Jinye Zhao of ISO-NE said the RTO also “has significantly enhanced PEAT to incorporate a multiday rolling-horizon economic dispatch for the 21-day energy assessment,” which looks out three days in advance on a rolling basis to optimize the dispatch of stored fuel resources. 

“Based on system conditions and fuel availability in the future days, the model can decide the appropriate time to trigger preventive actions and allocate the appropriate amount as needed to alleviate an anticipated energy shortfall,” Zhao said.  

In the new process, ISO-NE first will conduct its 21-day energy assessment using only modeling of corrective shortfall actions. Following the identification of an energy shortfall, the RTO will run the assessment again and include modeling of both preventive and corrective actions.   

Net import relief and net conservation relief, which will be incorporated in both the preemptive and corrective PEAT modeling, each will be “modeled as a block of up to 500 MW,” Zhao said. 

For the REST project, the modeling improvements could enable “a multimetric criteria which may include an additional metric that captures the duration of energy shortfall,” the RTO told stakeholders. 

ISO-NE is scheduled to present its initial proposal on the REST at the RC in November. It has emphasized the need for stakeholder input on the level of acceptable shortfall risk for the region.  

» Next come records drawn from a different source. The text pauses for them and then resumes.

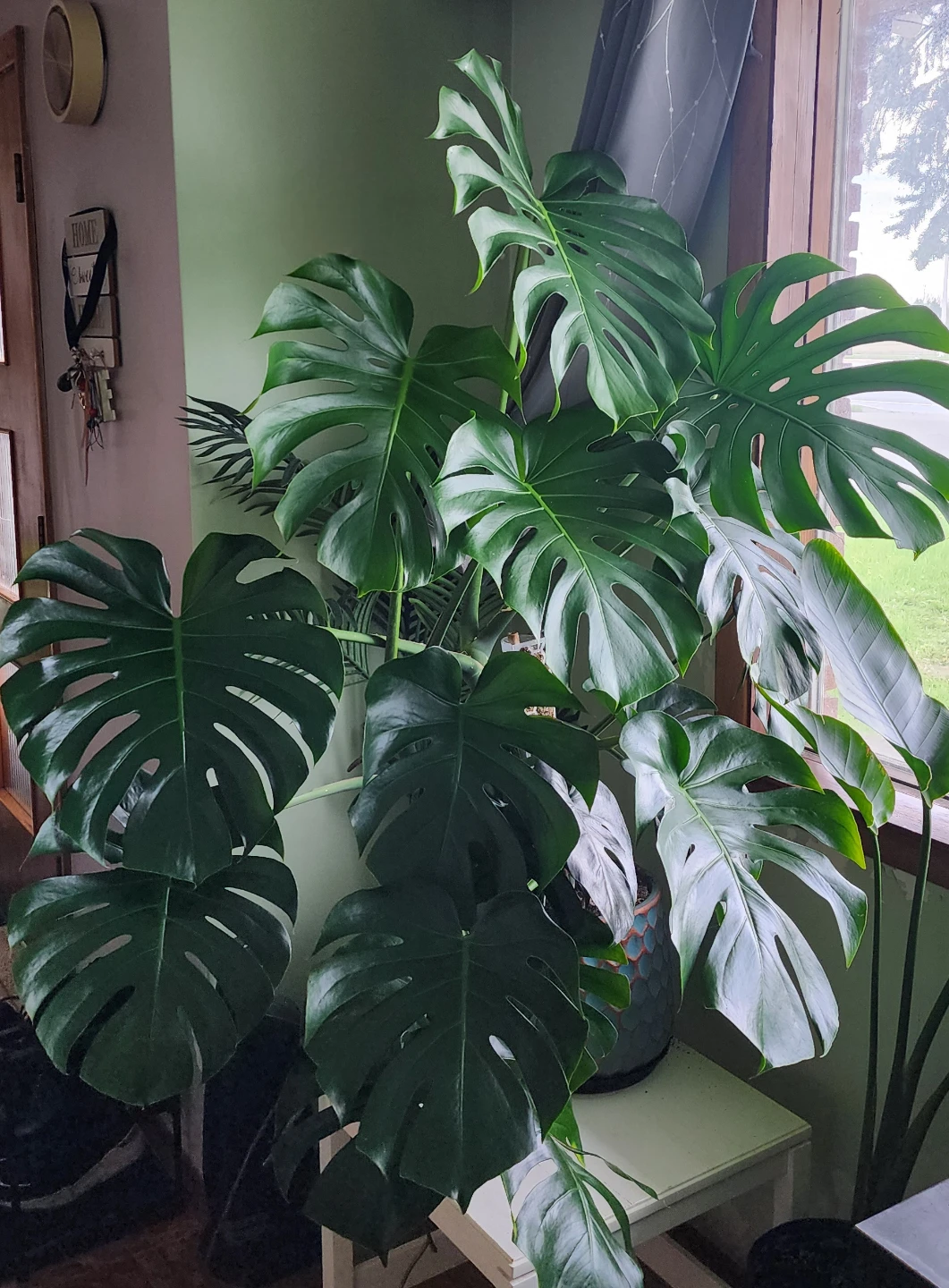 MASSIVE "Twin Sister" MONSTERA - Show Stopper!!!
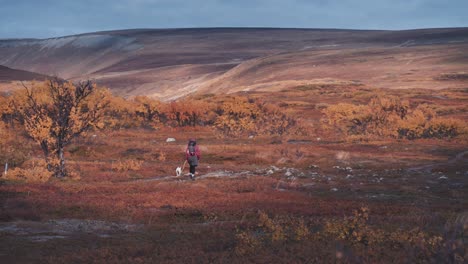 A-female-hiker-with-her-small-dog-companion,-walking-the-trail-in-the-Varanger-national-park-on-a-cold,-windy-autumn-day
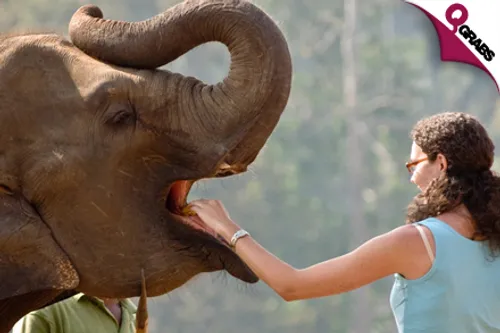 From QR3367 Per Person, Have Your Own Adventure in Sri Lanka for 6 Nights / 7 Days - INCLUDES All Transfers, Elephant Orphanage, Botanical Gardens and Much More! (Up to QR10000 Value)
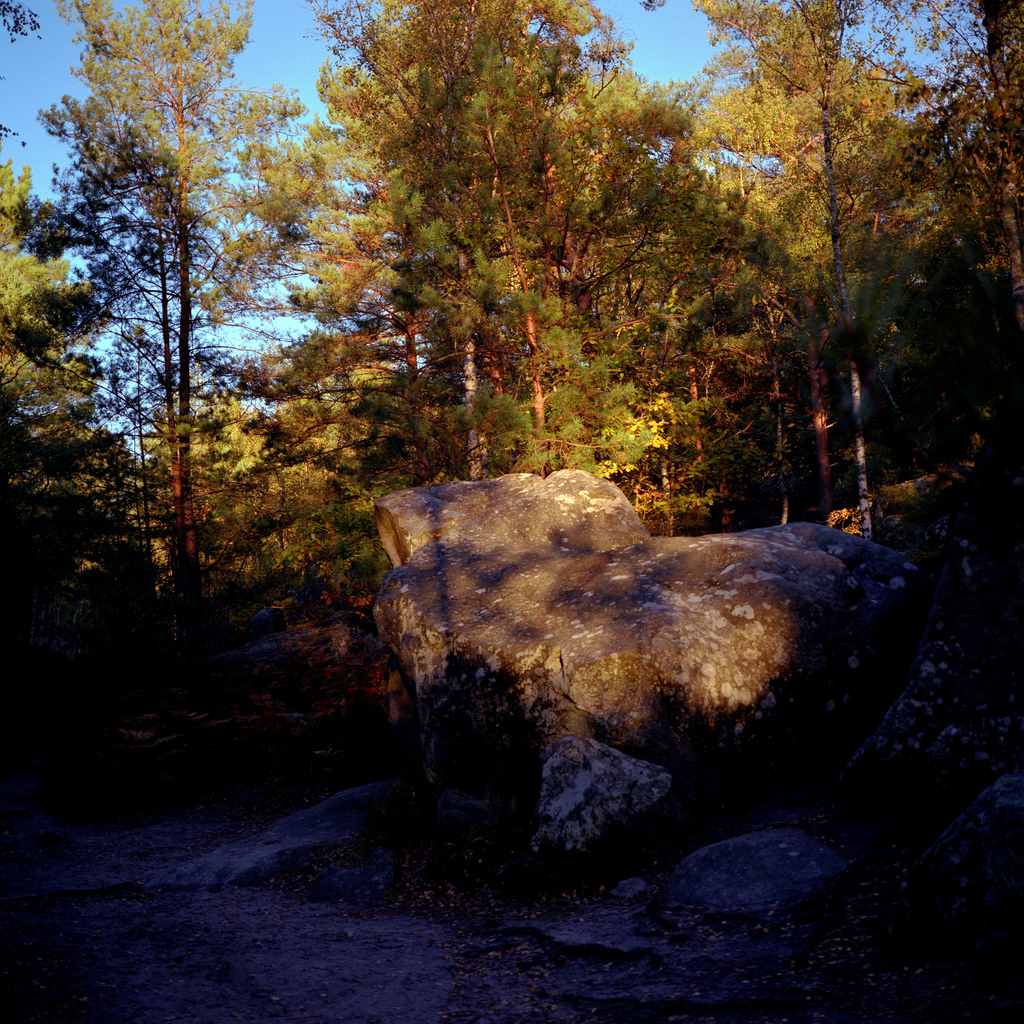 Foret de Fontainebleau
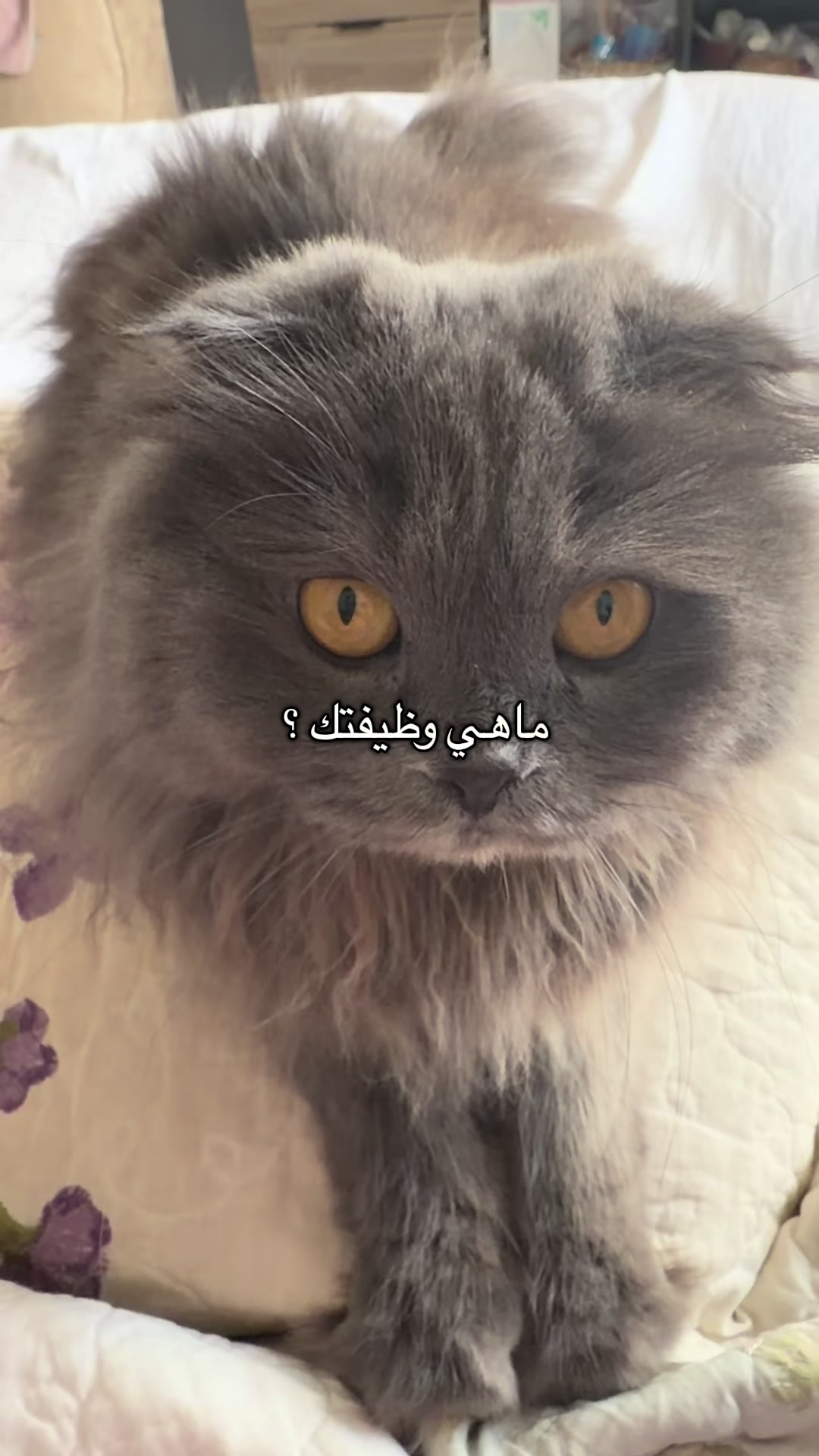 @Aisha🐉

Determining an acceptable risk threshold will require more than just modeling expertise — it will pose political questions about how much the states are willing to pay for reliability insurance on the grid, and it could have a significant impact on regional programs supporting stored-fuel or dispatchable resources.  

“Following establishment of the REST, a subsequent effort will evaluate if adherence to the REST requires development of specific regional solutions,” Knowland noted. 

ISO-NE’s inventoried energy program (IEP), which compensates generators for keeping stored fuel on site during the winter, is set to expire after this winter. While the IEP was intended as a short-term solution, the RTO has not committed to either ending or continuing the program. 

Presenting the results of the RTO’s Economic Planning for the Clean Energy Transition report at the Planning Advisory Committee meeting in August, Patrick Boughan of ISO-NE emphasized that new market enhancements may be needed in the long-term to support dispatchable resources as renewables proliferate. (See ISO-NE: New Mechanisms May be Needed to Ensure Future Grid Reliability.)